Now that we’ve laid the groundwork with considerations and preparations, let’s seamlessly transition into the practical aspect of bringing your Norfolk jacket to life. Part 2 and further, focuses on the step-by-step sewing process, where we’ll meticulously guide you through each stage.
As you progress through the project, you may come across some minor adjustments or deviations when looking at the pictures. These small changes are a part of the pattern-making process, when choosing a better option for you later.
(1) After you´re satisfied with your mock-up, cut all pieces from fashion fabric, lining, and canvas. Cut the lining as described in the instructions, the back on fold with the grey strip added and some extra width at the sleeves.
(2)Transfer all the marks and notches, mark with chalk on the wrong side, and “copy” the lines to the mirror piece. Baste along the lines to mark the position of the pocket and strips on the right side.
Reinforce critical points as told.
Stretch the edges of the shoulder, the front armhole, and the neckline shrink the area under the collarbone.
(3) Slash the front and chest canvas, where indicated on the pattern, and insert the V-shaped pieces. The inserts of the front and chest are slightly offset to avoid bulk.
Line up the chest canvas on top of the front canvas, and pad stitch together, molding the rounding of the chest with a tailor’s ham or a pillow, I just used my thigh. Start your pad stitching, going down in the middle finishing one side, and then the other. The last picture shows the finished front canvas, already lined up with the front.
The material I used, was stiff linen for the front, and hair canvas for the chest. The chest canvas is cut with the grain following the roll line. Mark the roll line.

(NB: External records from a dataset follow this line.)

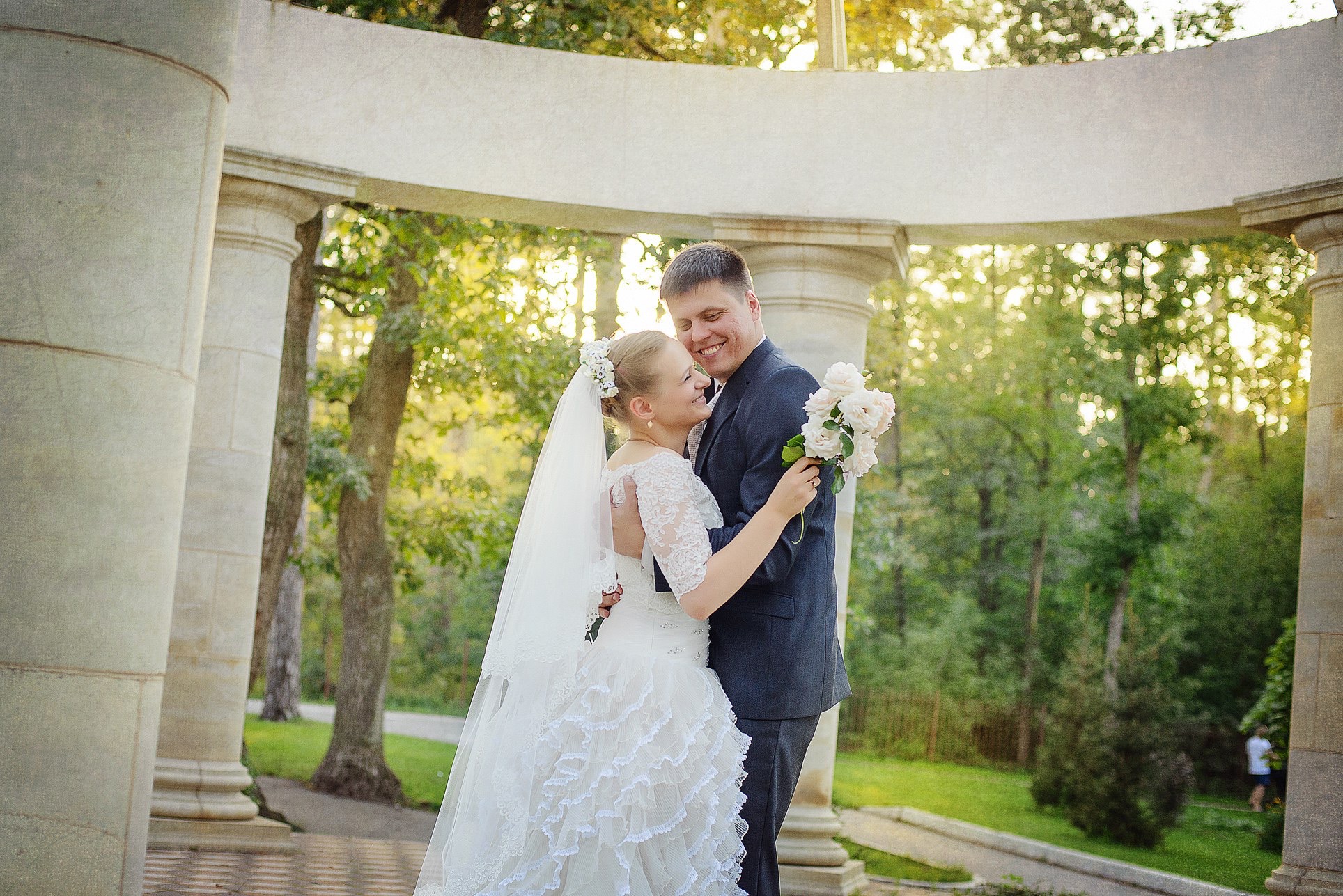 Uśmiechnięta para młoda w objęciach, ona w białej sukni z welonem, on w ciemnym garniturze, trzymają bukiet. W tle kolumnada i zieleń parku w ciepłym świetle.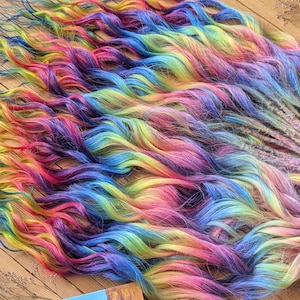 Puede incluir: Un conjunto de rastas de colores del arcoíris, con una mezcla de tonos vibrantes como rojo, amarillo, azul y morado. El cabello sintético tiene una textura ondulada y está atado con una cinta marrón. Las rastas están dispuestas sobre una superficie de madera.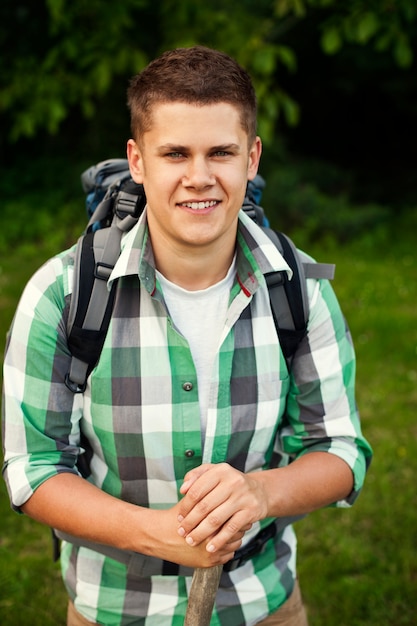 Free photo man walking through forest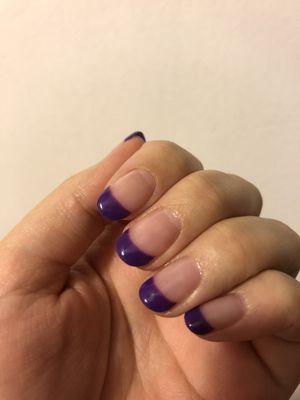 Purple tips on natural nails.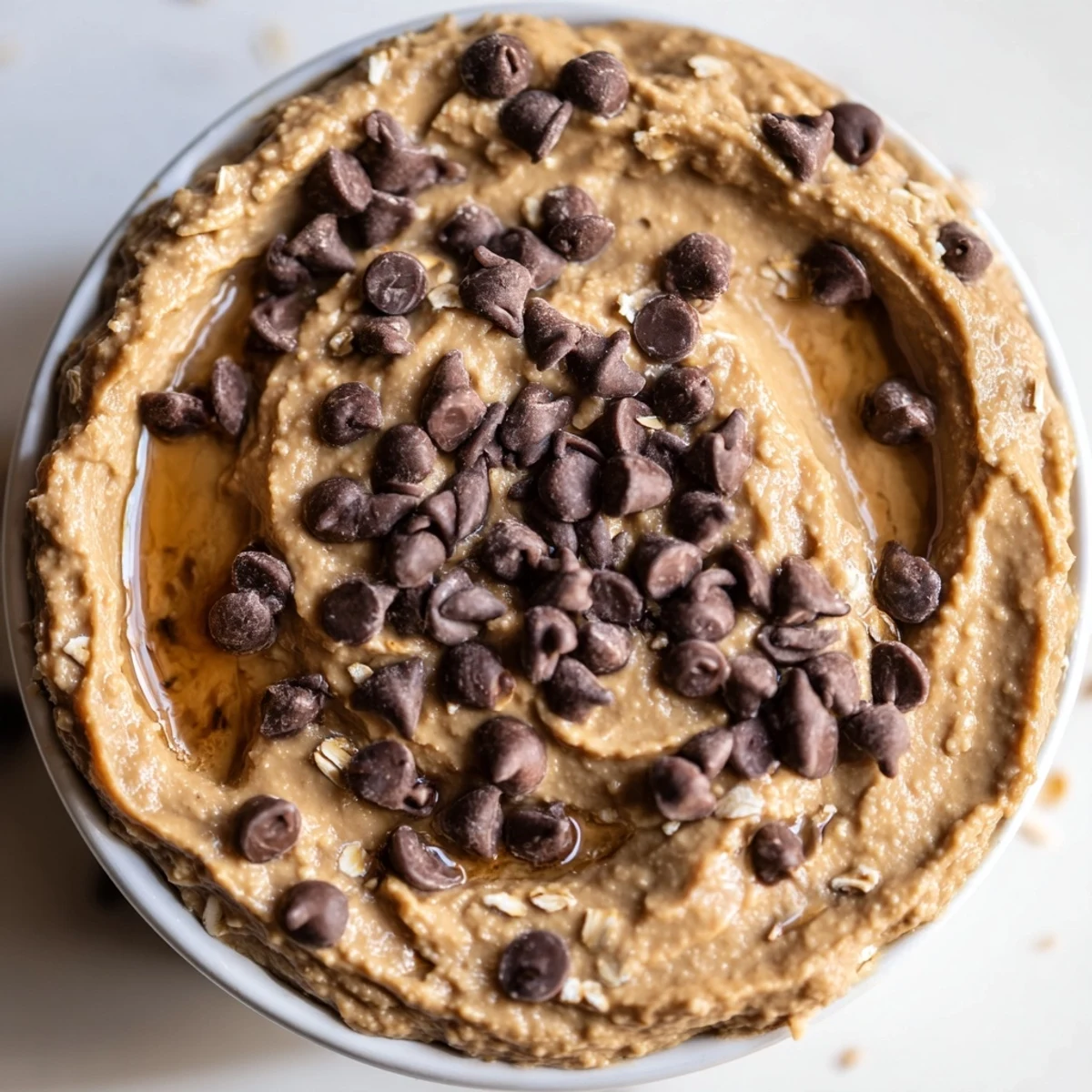 A bowl of Chocolate Chip Cookie Dough Hummus topped with chocolate chips, served with apple slices for dipping.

(4) Sew the shoulder seam, right sides together, easing in the excess width of the back. Sew with the front side up and place a stay tape underneath your presser foot while sewing. Press open the seam allowances. Normally, you wouldn´t sew the shoulder seam at this point, it´s just that we need to attach the straps before we can baste the canvas to the front.

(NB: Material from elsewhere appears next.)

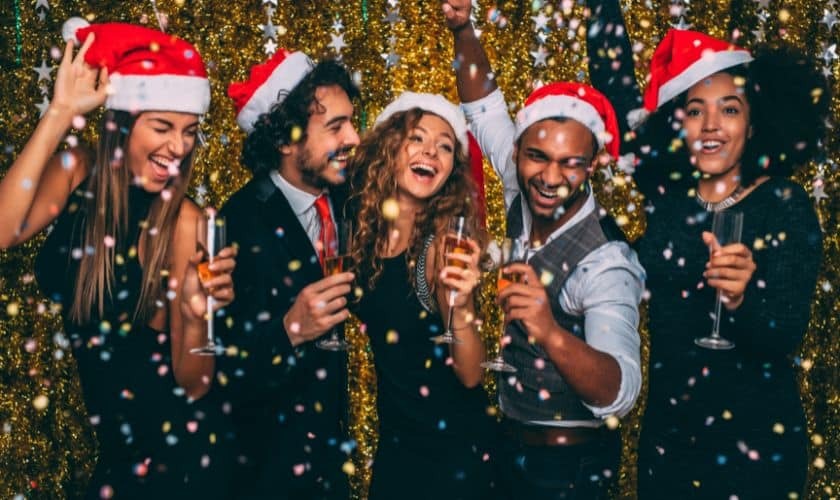 Young adults celebrating Christmas with champagne glasses and Santa hats at a holiday party.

(5) The straps are sewn along the shoulder seam, right sides together, and the seam allowances are trimmed back and pressed open. The shoulder seam of the interfacing/canvas is sewn overlapping, avoiding bulk at the shoulder.

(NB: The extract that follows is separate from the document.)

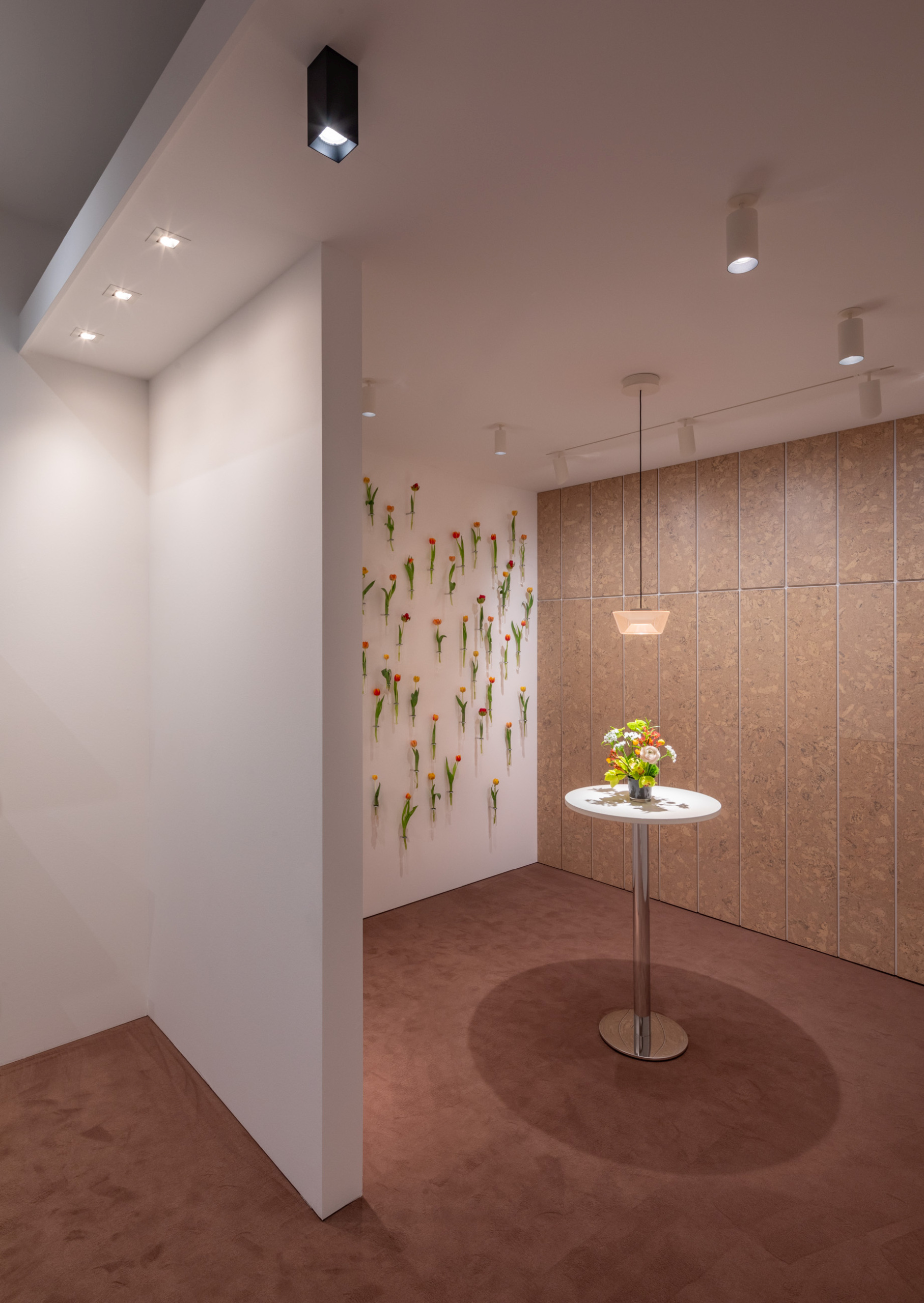 Detail eines Messestands mit Blütenwand, Naturtönen und gezielter Beleuchtung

Then place the interfacing centered on the wrong side of the strap and baste in place. Sew along the edges with a catch stitch, taking care, that the stitches are barely visible on the right side of the fabric. Turn the seam allowances of the strap, around the edges of the interfacing. Sew the turned-in edges to the interfacing with a loose pad stitch, taking care there are no stitches visible on the right side of the strap, and press.
Take the rectangular piece of lining fabric, turn in the seam allowance along the long sides, and line up with the strap at the area of the belt loops, wrong sides together. Fell stitch to the strap along all edges.
(6) Line up the strap along the lines, marked on the front/back, giving the extra width needed by simulating the rounding of the shoulders and chest, and baste in place. The best would work to do this on a dress form, I used a rolled-up bedsheet.
Now it´s time to think about the design. How´d you like your topstitching? Stay with the design chosen once, to achieve a cohesive look. Topstitch the strap to the front and back, leaving the belt loops open. Bar tack the area of the loops decorative as desired.
(7) + (8) Now it is time for the pockets. Line up the patch pocket with the lining, wrong sides together. Use a color-matching cotton fabric for the lining. The lining for the patch pocket is indicated by the grey area on the sewing pattern.
Turn in a seam allowance of 5/8” (1,5cm) along the top edge of the lining, and turn in a seam allowance of 1 ¼” (3cm) along the top edge of the fashion fabric. For the turn of cloth needed, push the edge of the fashion fabric about 1/8” (2-3mm) behind the edge of the lining.
Before sewing, fold the seam allowance along the top edge of the fashion fabric right sides together. Stitch along the side and bottom edge, reducing the stitch length at the start/stop and curves. Begin by sewing with the lining on top, then turn around and stitch again with the fashion fabric facing up, correcting any uneven stitching. Trim back the seam allowances and turn the right side out. Press, ensuring that the sewing line stays slightly offset on the wrong side. Fell stitch the lining to the seam allowance of the fashion fabric along the top edge on the inside of the pocket.
Place the patch pocket on top of the front, where indicated on the pattern, and simulate the curves of the body while doing so. First baste, then topstitch the pocket to the front, bar tacking the corners.
For the pocket flap I´ll show two different ways to attach to the jacket.
Line up the flap with the lining, wrong sides together, and push the edge of the fashion fabric behind the lining, and sew. Trim back the seam allowance and notch at the stitching line as shown. Turn the right side out, press, and topstitch as desired. Line up the stitching line of the pocket flap with the stitching line on the front. First, baste, then sew, and press the flap downwards. Trim back the seam allowances to 1/4” (5mm). Push the corners “inside” and bar tack to the fronts to stay in place Topstitch the flap along the top edge, and bar tack the ends.
The other way would be to turn in the seam allowance of the lining before sewing. Proceed as described before. When attaching the flap to the jacket, just catch the fashion fabric. Trim back the seam allowance and push it inside the flap. This way I had to remove some stitches of the topstitching to reach a neat result. Fell stitch the lining to the seam allowance. Press the flap downwards and topstitch.
Trim back the interfacing on the wrong side with pinking shears.